* [Problem statement]: No line of the records may be dropped; print them all again exactly.

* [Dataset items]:
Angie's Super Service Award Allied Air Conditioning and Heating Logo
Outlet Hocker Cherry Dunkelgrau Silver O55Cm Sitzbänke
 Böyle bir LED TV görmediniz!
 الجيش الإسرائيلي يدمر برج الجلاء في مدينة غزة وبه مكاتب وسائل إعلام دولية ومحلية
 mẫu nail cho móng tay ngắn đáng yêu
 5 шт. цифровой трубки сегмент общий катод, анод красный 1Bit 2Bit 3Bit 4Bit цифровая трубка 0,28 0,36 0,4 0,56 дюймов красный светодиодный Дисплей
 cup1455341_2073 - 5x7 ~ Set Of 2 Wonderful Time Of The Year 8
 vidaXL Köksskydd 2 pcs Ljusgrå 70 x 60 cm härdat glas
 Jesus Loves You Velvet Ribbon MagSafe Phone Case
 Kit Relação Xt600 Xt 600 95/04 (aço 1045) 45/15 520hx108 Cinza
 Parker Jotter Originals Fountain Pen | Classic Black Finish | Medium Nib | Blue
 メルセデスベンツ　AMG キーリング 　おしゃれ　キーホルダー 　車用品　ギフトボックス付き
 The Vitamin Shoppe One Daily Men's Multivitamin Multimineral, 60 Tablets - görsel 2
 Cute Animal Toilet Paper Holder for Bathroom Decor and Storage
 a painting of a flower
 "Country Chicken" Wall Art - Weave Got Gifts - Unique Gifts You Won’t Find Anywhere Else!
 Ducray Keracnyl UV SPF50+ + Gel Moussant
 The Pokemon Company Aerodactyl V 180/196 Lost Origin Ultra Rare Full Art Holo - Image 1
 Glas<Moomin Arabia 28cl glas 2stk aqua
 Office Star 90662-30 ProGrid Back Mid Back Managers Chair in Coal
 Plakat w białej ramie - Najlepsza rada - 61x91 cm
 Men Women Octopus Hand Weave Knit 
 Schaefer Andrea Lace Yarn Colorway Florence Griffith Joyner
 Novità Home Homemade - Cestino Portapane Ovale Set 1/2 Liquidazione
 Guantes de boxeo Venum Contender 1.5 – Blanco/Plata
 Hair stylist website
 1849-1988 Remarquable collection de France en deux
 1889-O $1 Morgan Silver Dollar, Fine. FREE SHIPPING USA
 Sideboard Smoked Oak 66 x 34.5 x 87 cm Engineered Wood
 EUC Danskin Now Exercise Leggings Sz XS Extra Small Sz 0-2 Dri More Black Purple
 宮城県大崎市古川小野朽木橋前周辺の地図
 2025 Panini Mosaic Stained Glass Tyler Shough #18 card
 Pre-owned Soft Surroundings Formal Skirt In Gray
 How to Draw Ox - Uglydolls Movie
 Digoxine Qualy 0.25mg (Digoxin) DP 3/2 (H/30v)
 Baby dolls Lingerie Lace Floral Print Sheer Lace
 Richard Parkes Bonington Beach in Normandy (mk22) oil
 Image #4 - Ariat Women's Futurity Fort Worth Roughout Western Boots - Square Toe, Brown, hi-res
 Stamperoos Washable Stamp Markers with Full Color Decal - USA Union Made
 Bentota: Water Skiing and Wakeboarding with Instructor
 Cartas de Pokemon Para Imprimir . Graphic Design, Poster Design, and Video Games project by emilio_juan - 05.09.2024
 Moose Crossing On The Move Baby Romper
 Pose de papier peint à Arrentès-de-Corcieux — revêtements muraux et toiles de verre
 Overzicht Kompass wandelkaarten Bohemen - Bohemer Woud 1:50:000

* [Output of the task]:
Angie's Super Service Award Allied Air Conditioning and Heating Logo
Outlet Hocker Cherry Dunkelgrau Silver O55Cm Sitzbänke
 Böyle bir LED TV görmediniz!
 الجيش الإسرائيلي يدمر برج الجلاء في مدينة غزة وبه مكاتب وسائل إعلام دولية ومحلية
 mẫu nail cho móng tay ngắn đáng yêu
 5 шт. цифровой трубки сегмент общий катод, анод красный 1Bit 2Bit 3Bit 4Bit цифровая трубка 0,28 0,36 0,4 0,56 дюймов красный светодиодный Дисплей
 cup1455341_2073 - 5x7 ~ Set Of 2 Wonderful Time Of The Year 8
 vidaXL Köksskydd 2 pcs Ljusgrå 70 x 60 cm härdat glas
 Jesus Loves You Velvet Ribbon MagSafe Phone Case
 Kit Relação Xt600 Xt 600 95/04 (aço 1045) 45/15 520hx108 Cinza
 Parker Jotter Originals Fountain Pen | Classic Black Finish | Medium Nib | Blue
 メルセデスベンツ　AMG キーリング 　おしゃれ　キーホルダー 　車用品　ギフトボックス付き
 The Vitamin Shoppe One Daily Men's Multivitamin Multimineral, 60 Tablets - görsel 2
 Cute Animal Toilet Paper Holder for Bathroom Decor and Storage
 a painting of a flower
 "Country Chicken" Wall Art - Weave Got Gifts - Unique Gifts You Won’t Find Anywhere Else!
 Ducray Keracnyl UV SPF50+ + Gel Moussant
 The Pokemon Company Aerodactyl V 180/196 Lost Origin Ultra Rare Full Art Holo - Image 1
 Glas<Moomin Arabia 28cl glas 2stk aqua
 Office Star 90662-30 ProGrid Back Mid Back Managers Chair in Coal
 Plakat w białej ramie - Najlepsza rada - 61x91 cm
 Men Women Octopus Hand Weave Knit 
 Schaefer Andrea Lace Yarn Colorway Florence Griffith Joyner
 Novità Home Homemade - Cestino Portapane Ovale Set 1/2 Liquidazione
 Guantes de boxeo Venum Contender 1.5 – Blanco/Plata
 Hair stylist website
 1849-1988 Remarquable collection de France en deux
 1889-O $1 Morgan Silver Dollar, Fine. FREE SHIPPING USA
 Sideboard Smoked Oak 66 x 34.5 x 87 cm Engineered Wood
 EUC Danskin Now Exercise Leggings Sz XS Extra Small Sz 0-2 Dri More Black Purple
 宮城県大崎市古川小野朽木橋前周辺の地図
 2025 Panini Mosaic Stained Glass Tyler Shough #18 card
 Pre-owned Soft Surroundings Formal Skirt In Gray
 How to Draw Ox - Uglydolls Movie
 Digoxine Qualy 0.25mg (Digoxin) DP 3/2 (H/30v)
 Baby dolls Lingerie Lace Floral Print Sheer Lace
 Richard Parkes Bonington Beach in Normandy (mk22) oil
 Image #4 - Ariat Women's Futurity Fort Worth Roughout Western Boots - Square Toe, Brown, hi-res
 Stamperoos Washable Stamp Markers with Full Color Decal - USA Union Made
 Bentota: Water Skiing and Wakeboarding with Instructor
 Cartas de Pokemon Para Imprimir . Graphic Design, Poster Design, and Video Games project by emilio_juan - 05.09.2024
 Moose Crossing On The Move Baby Romper
 Pose de papier peint à Arrentès-de-Corcieux — revêtements muraux et toiles de verre
 Overzicht Kompass wandelkaarten Bohemen - Bohemer Woud 1:50:000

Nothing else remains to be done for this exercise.